◆ What to do
The answer should match the entries below word for word, minus their pictures.

◆ Data entries
%%

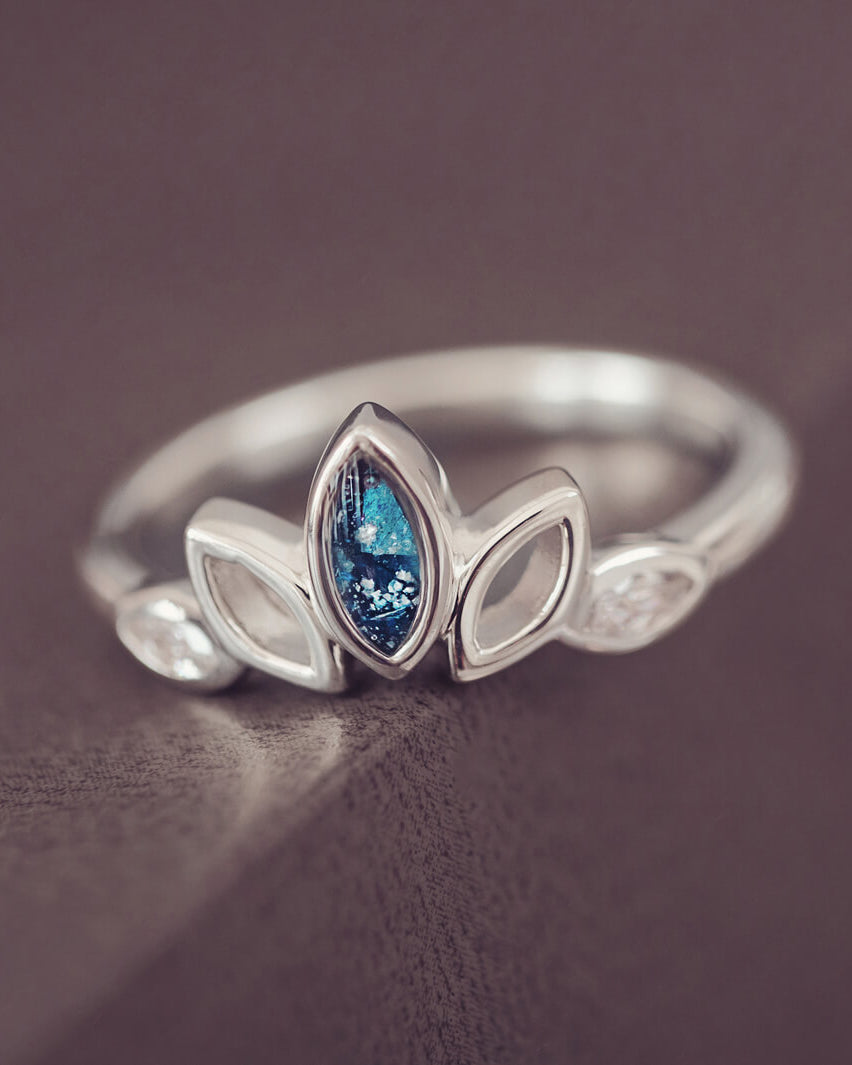 Sterling Silver Ring, created with your loved ones ashes, with Cubic Zircona gemstones. Blue floating crystals with in piece on a grey background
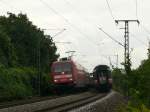 Hier die tgliche Zugbegegnung von EC 6 nach Hamburg-Altona links mit 101 049 und rechts EC 101 mit 101 108 nach Chur.3.8.09 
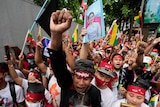 一群举着旗帜和昂山素季画像的缅甸抗议者，其中一人举起了拳头
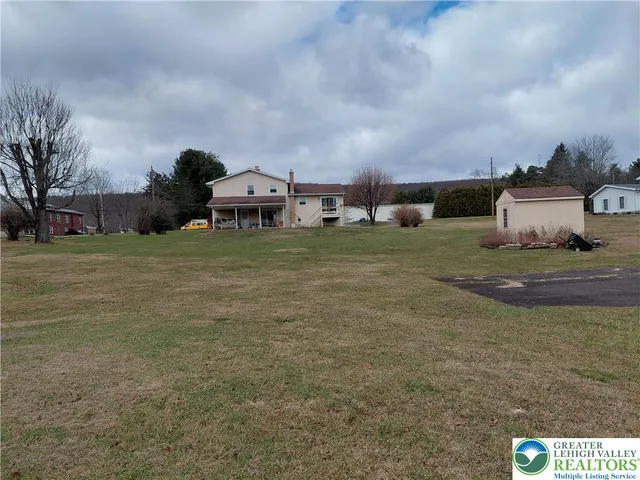 a living room with furniture and a lamp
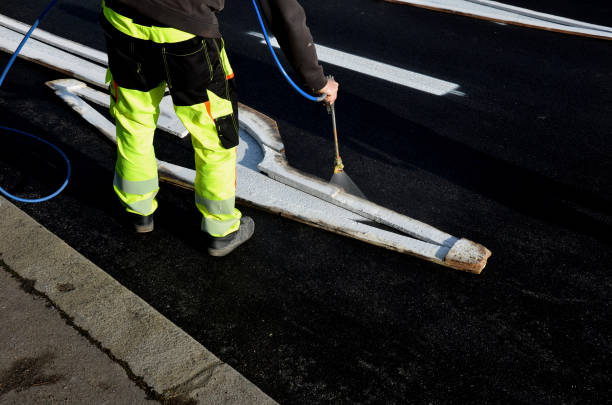 istock restoring horizontal markings at intersection with roundabout and crossing. they spray new symbols using a stencil. then they cover it with sand pigment does not stick wheel, reflective green clothing 1446222231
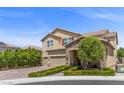Attractive two-story home includes a three-car garage, stone details, and well-maintained landscaping at 2400 Trissino Ct, Henderson, NV 89044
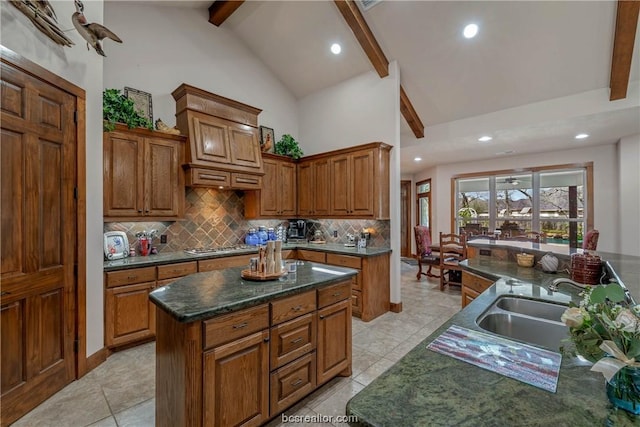 kitchen featuring beamed ceiling, light tile patterned floors, tasteful backsplash, and a kitchen island with sink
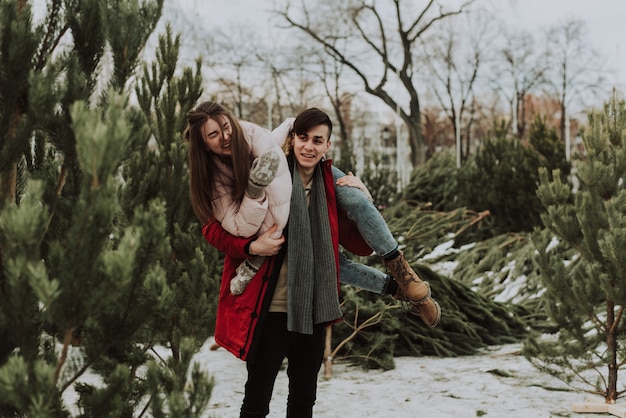 Piękna młoda para przyjechała wybrać drzewo. Zakochani Nowożeńcy wygłupiają się zimą. Ładna kobieta śmieje się na ramionach mężczyzny.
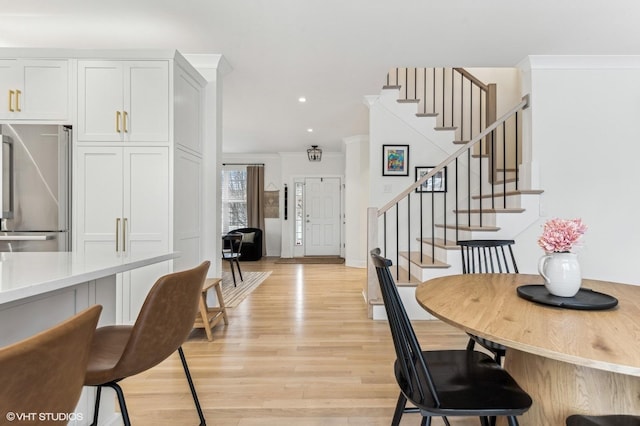 dining space with crown molding and light hardwood / wood-style flooring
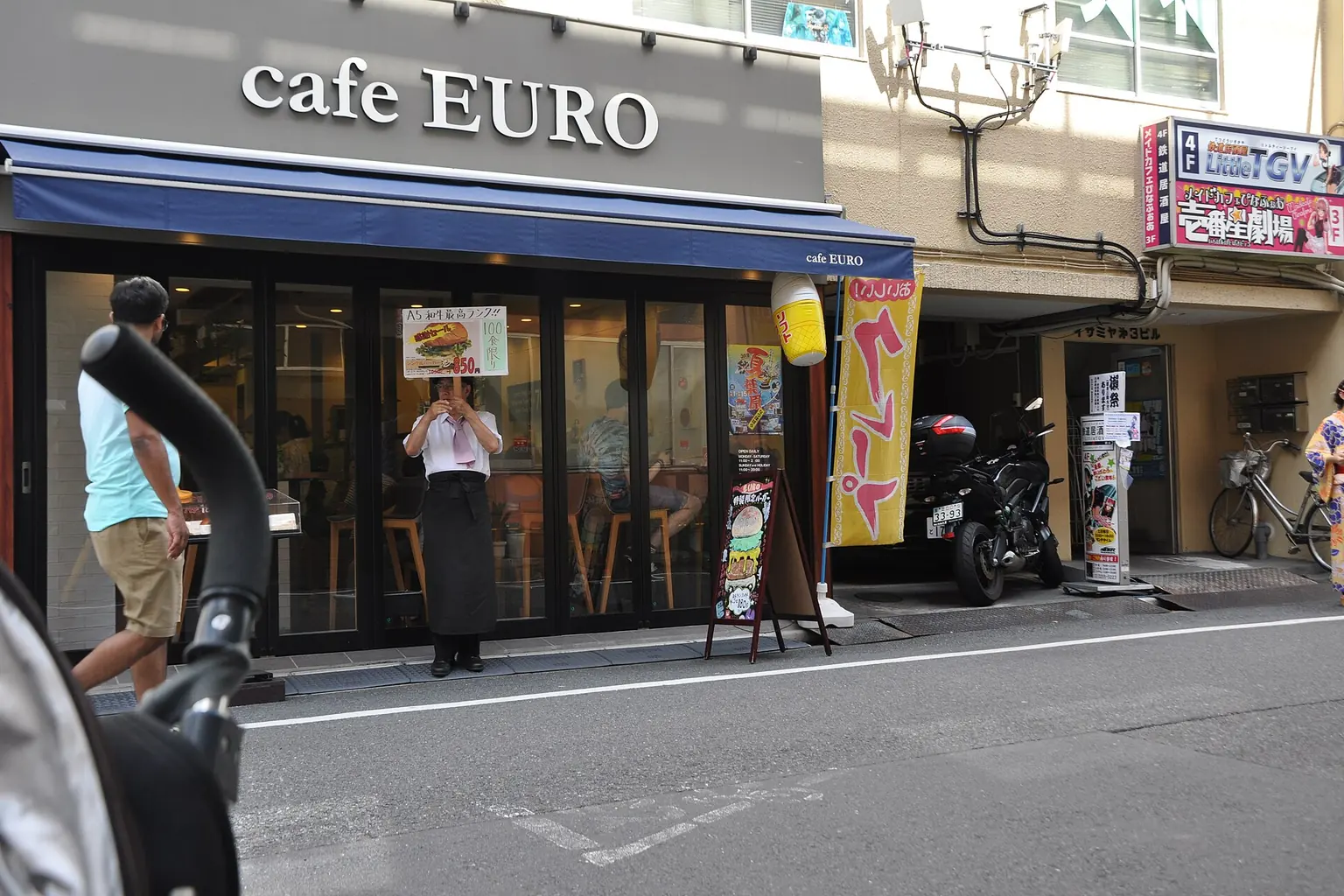 A cafe employee standing outside with a menu board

%%

◆ Task output
 Sterling Silver Ring, created with your loved ones ashes, with Cubic Zircona gemstones. Blue floating crystals with in piece on a grey background
 Hier die tgliche Zugbegegnung von EC 6 nach Hamburg-Altona links mit 101 049 und rechts EC 101 mit 101 108 nach Chur.3.8.09 
 一群举着旗帜和昂山素季画像的缅甸抗议者，其中一人举起了拳头
 a living room with furniture and a lamp
 istock restoring horizontal markings at intersection with roundabout and crossing. they spray new symbols using a stencil. then they cover it with sand pigment does not stick wheel, reflective green clothing 1446222231
Attractive two-story home includes a three-car garage, stone details, and well-maintained landscaping at 2400 Trissino Ct, Henderson, NV 89044
 kitchen featuring beamed ceiling, light tile patterned floors, tasteful backsplash, and a kitchen island with sink
 Piękna młoda para przyjechała wybrać drzewo. Zakochani Nowożeńcy wygłupiają się zimą. Ładna kobieta śmieje się na ramionach mężczyzny.
 dining space with crown molding and light hardwood / wood-style flooring
 A cafe employee standing outside with a menu board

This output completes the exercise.